Description of the task: Your reply should consist of the entries, copied exactly and stripped of images.

(Beginning of Material for this task)

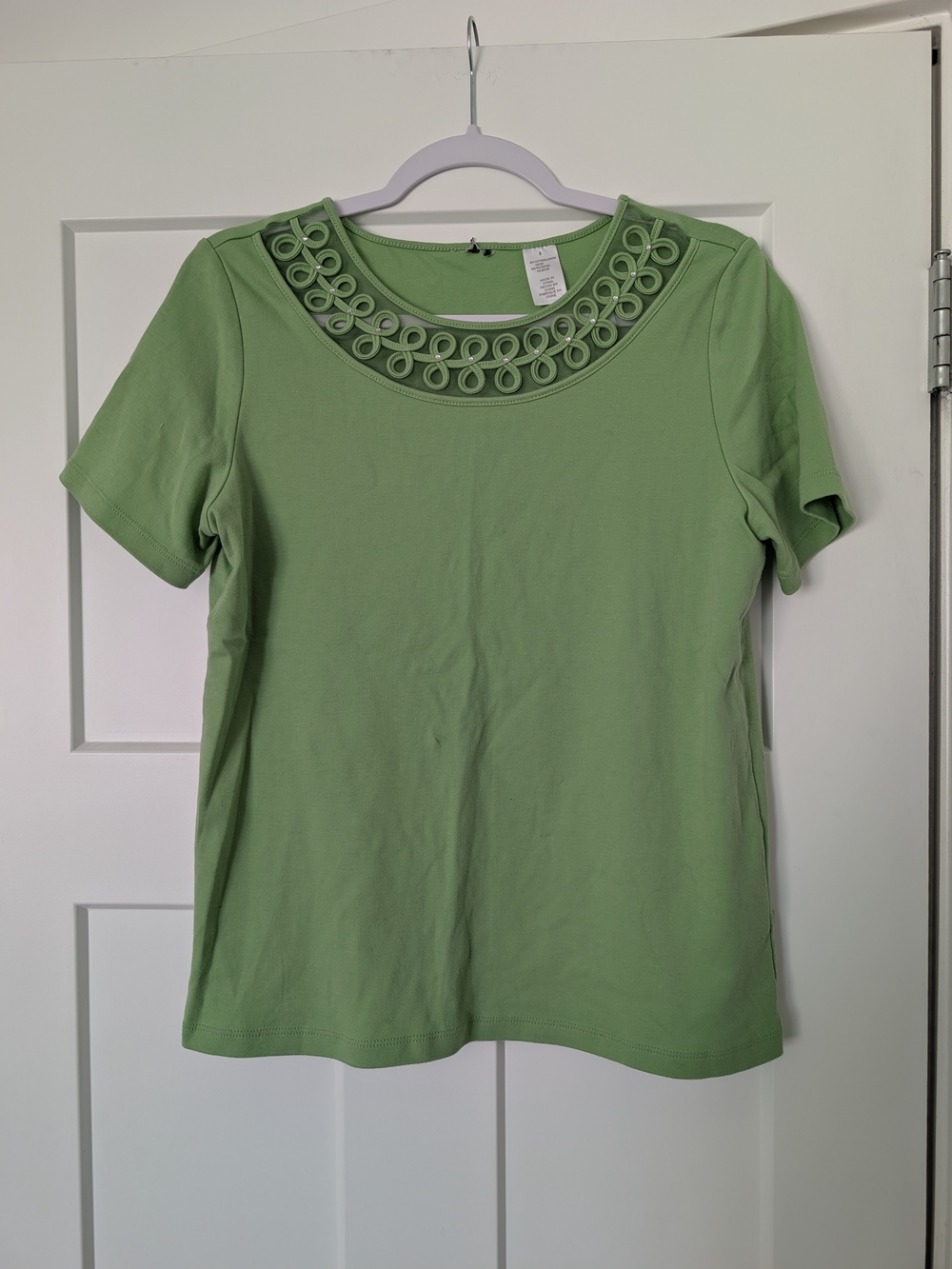 Green Short-Sleeve Women’s Top with Decorative Neckline Size Small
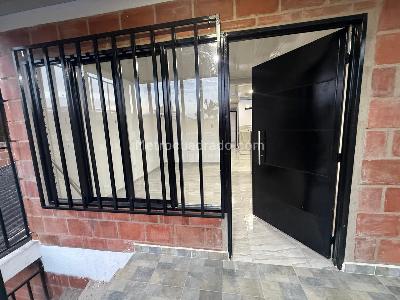 Casa de 5 alcobas en venta en Ciudad Cordoba, Cali, 135 m² · foto 12 de 20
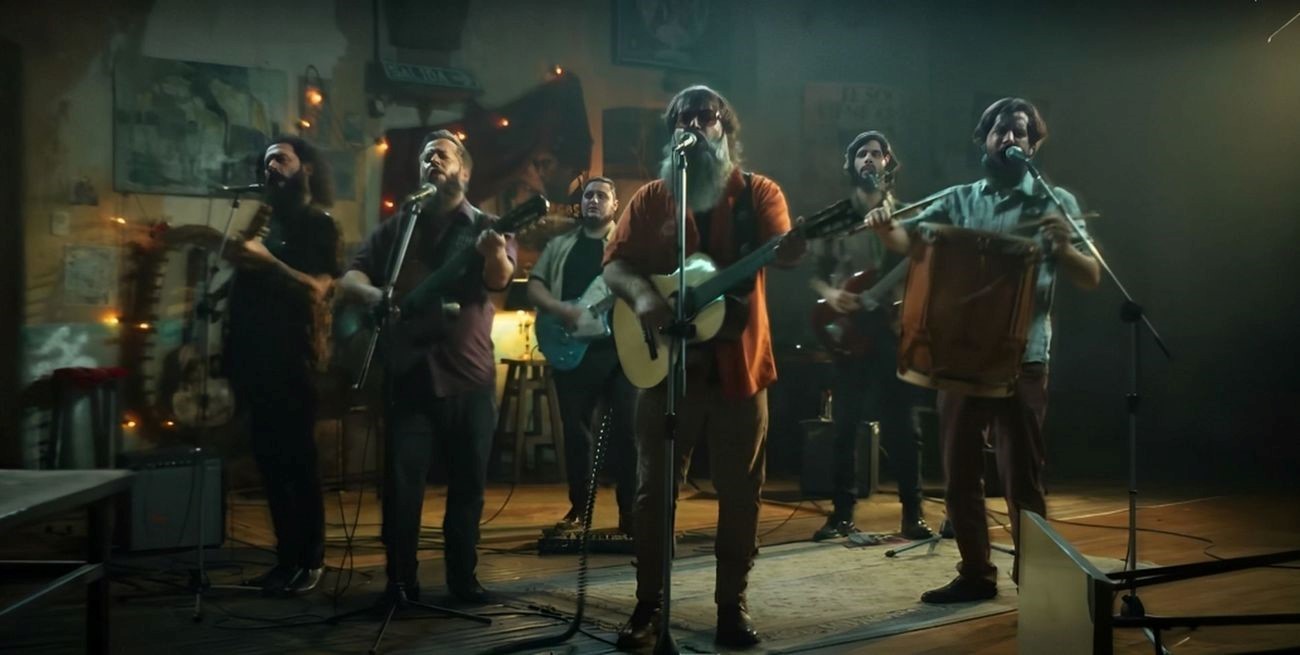 Los Tabaleros: el bombo legüero y el alma punk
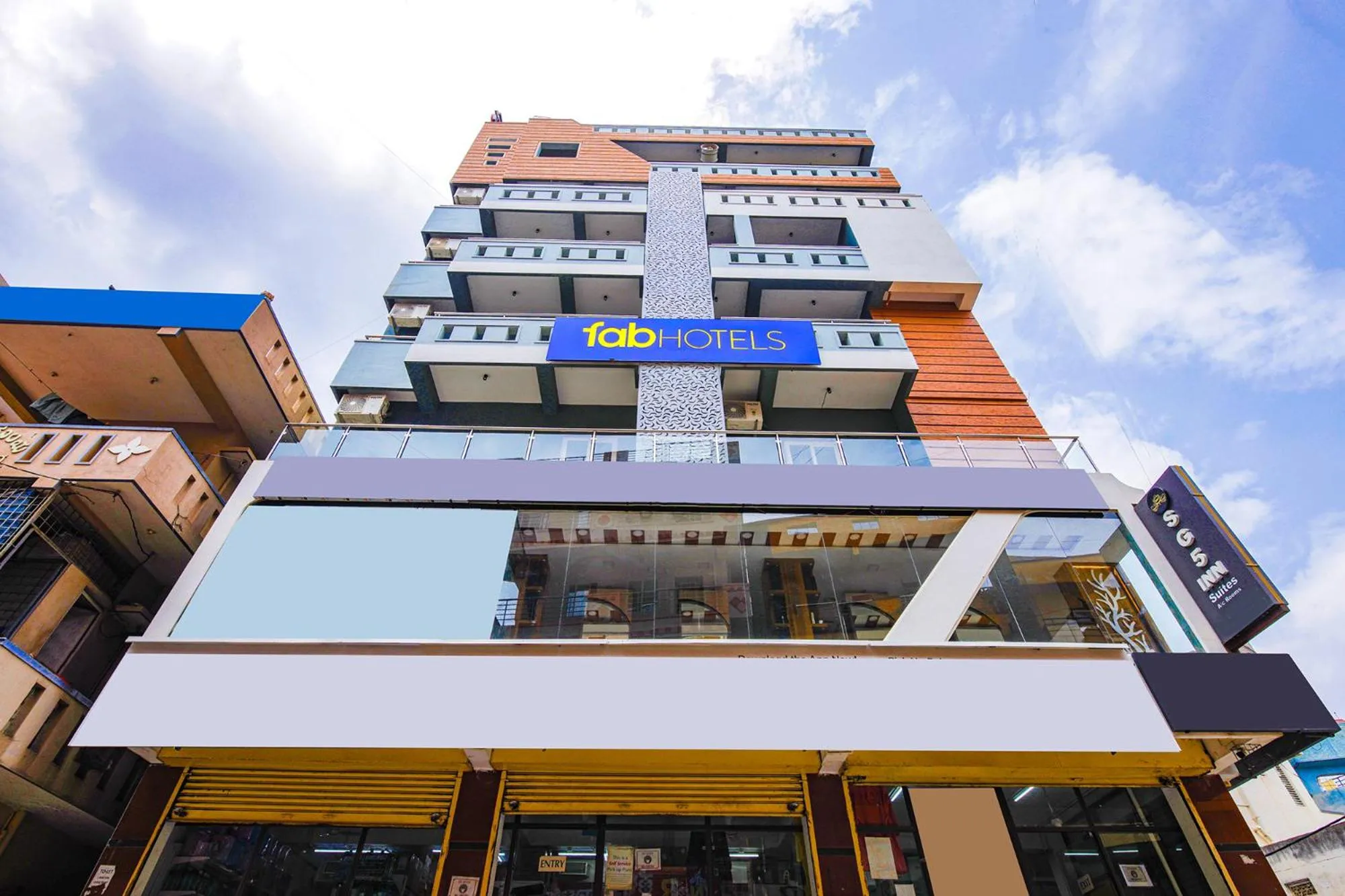 Property building in Hotel SG5 Inn Suites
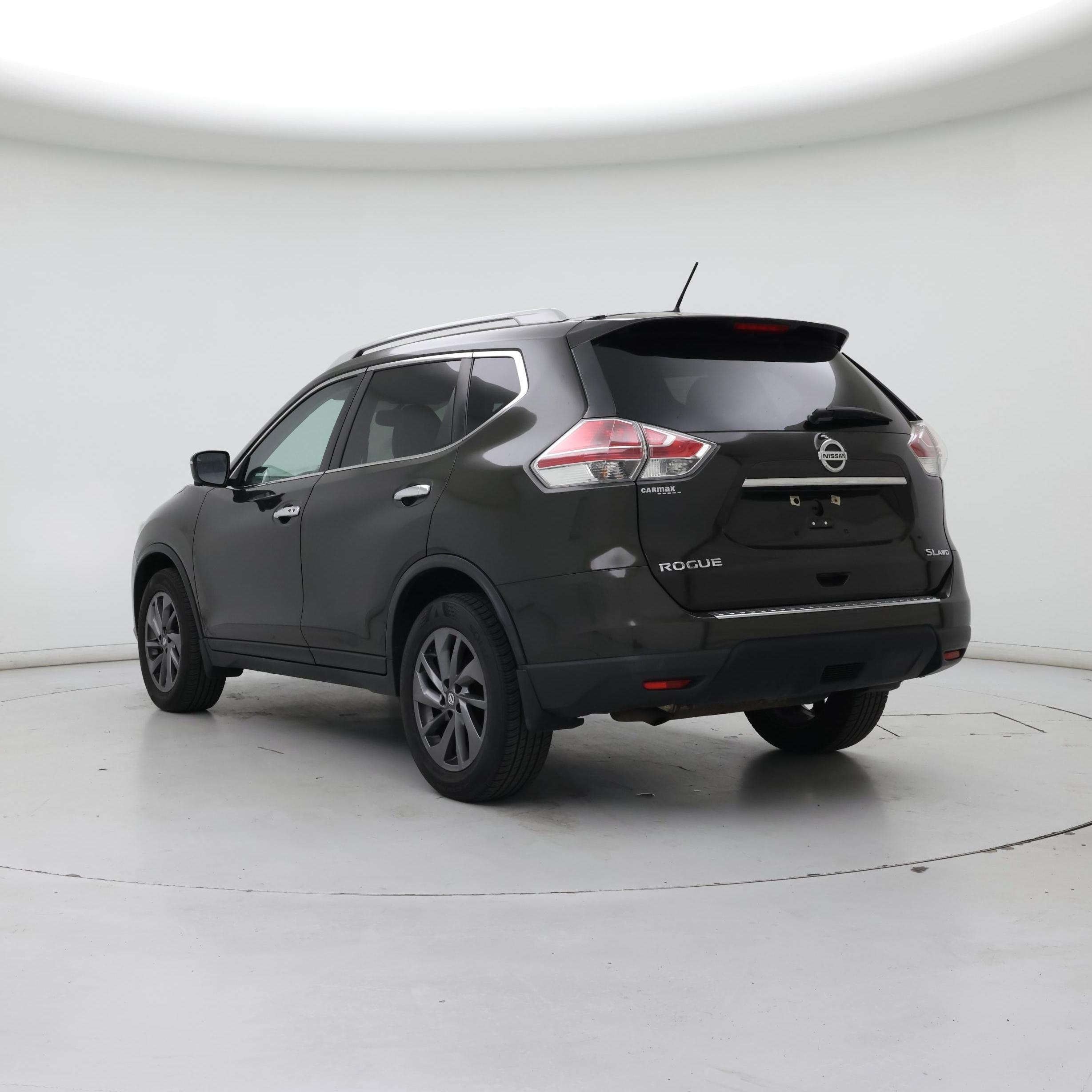 Thumbnail: 2016 Nissan Rogue - 2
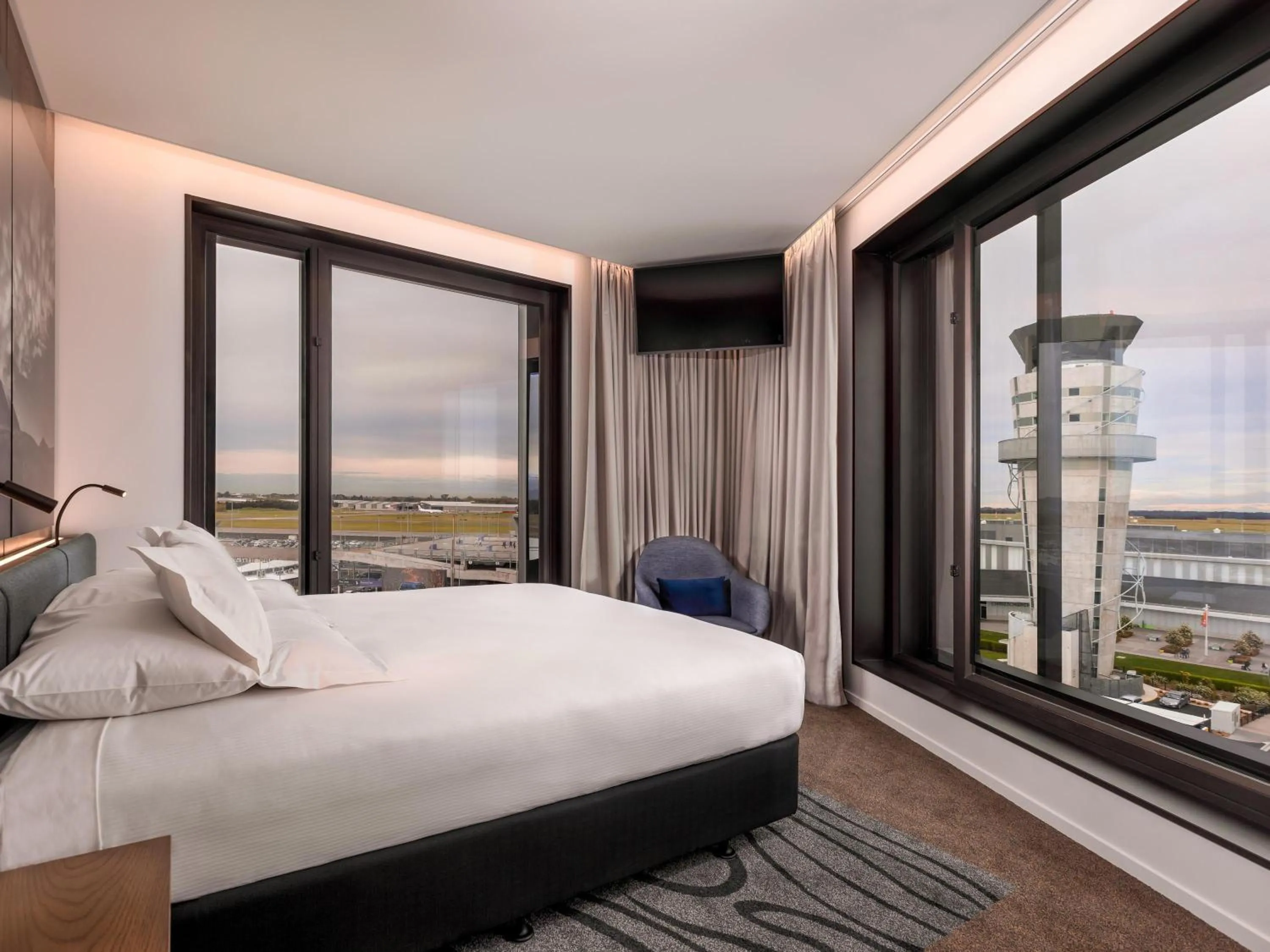 Executive Suite in Novotel Christchurch Airport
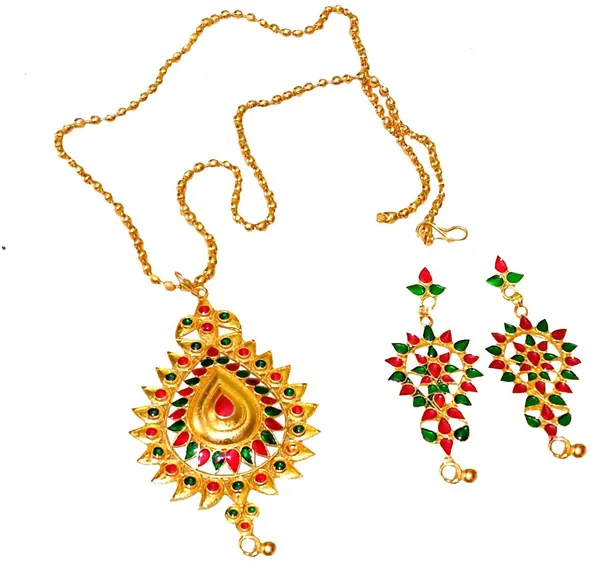 Assamese_Traditional_Gold_Plated_Red_Green_Colour_Dugdugi_Chain_Jewellery_Set_For_Women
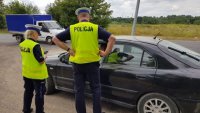policjanci kontrolują kierowcę samochodu osobowego
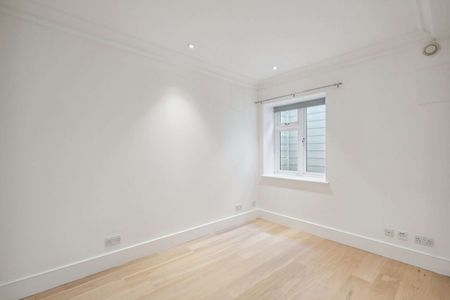 An exceptional six bedroom family home situated in one of Petersham's premier roads - Photo 5
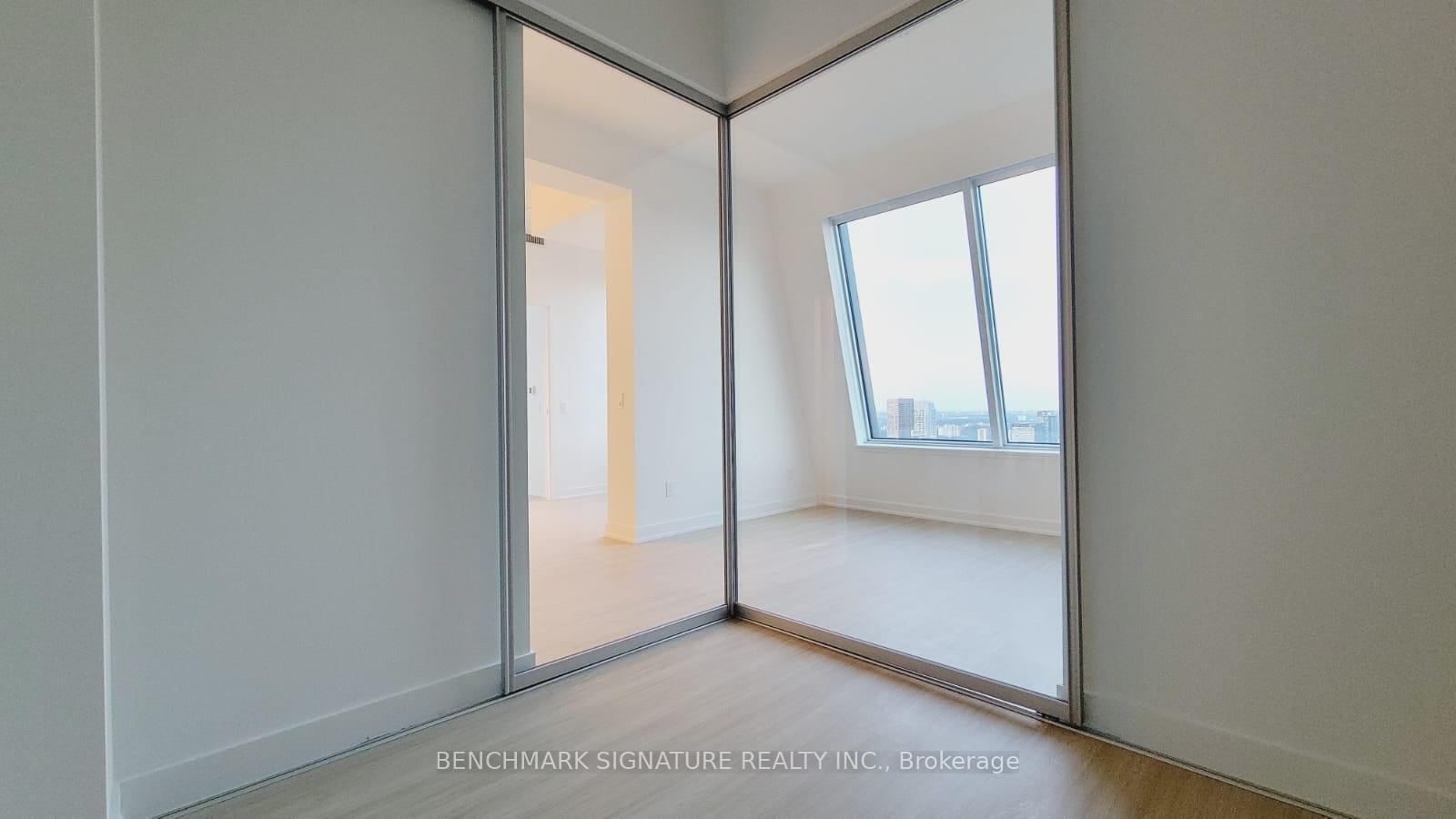 Photo 11 of Unit 6007, 8 Wellesley Street W, Toronto, Bay Street Corridor — HOMEH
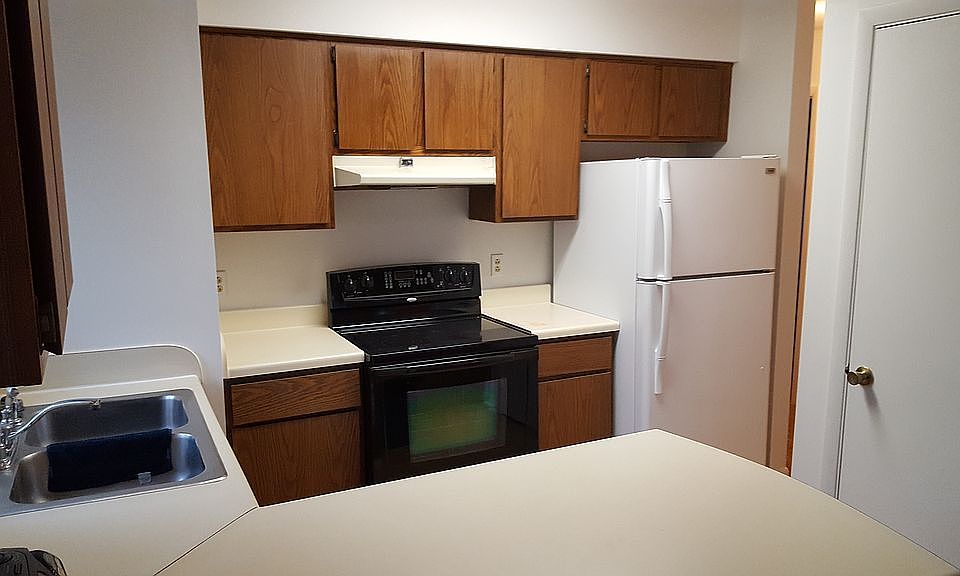 2nd image of 5032 Rugby Rd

(End of Material for this task)

Exercise result:
 Green Short-Sleeve Women’s Top with Decorative Neckline Size Small
 Casa de 5 alcobas en venta en Ciudad Cordoba, Cali, 135 m² · foto 12 de 20
 Los Tabaleros: el bombo legüero y el alma punk
 Property building in Hotel SG5 Inn Suites
 Thumbnail: 2016 Nissan Rogue - 2
 Executive Suite in Novotel Christchurch Airport
 Assamese_Traditional_Gold_Plated_Red_Green_Colour_Dugdugi_Chain_Jewellery_Set_For_Women
policjanci kontrolują kierowcę samochodu osobowego
 An exceptional six bedroom family home situated in one of Petersham's premier roads - Photo 5
 Photo 11 of Unit 6007, 8 Wellesley Street W, Toronto, Bay Street Corridor — HOMEH
 2nd image of 5032 Rugby Rd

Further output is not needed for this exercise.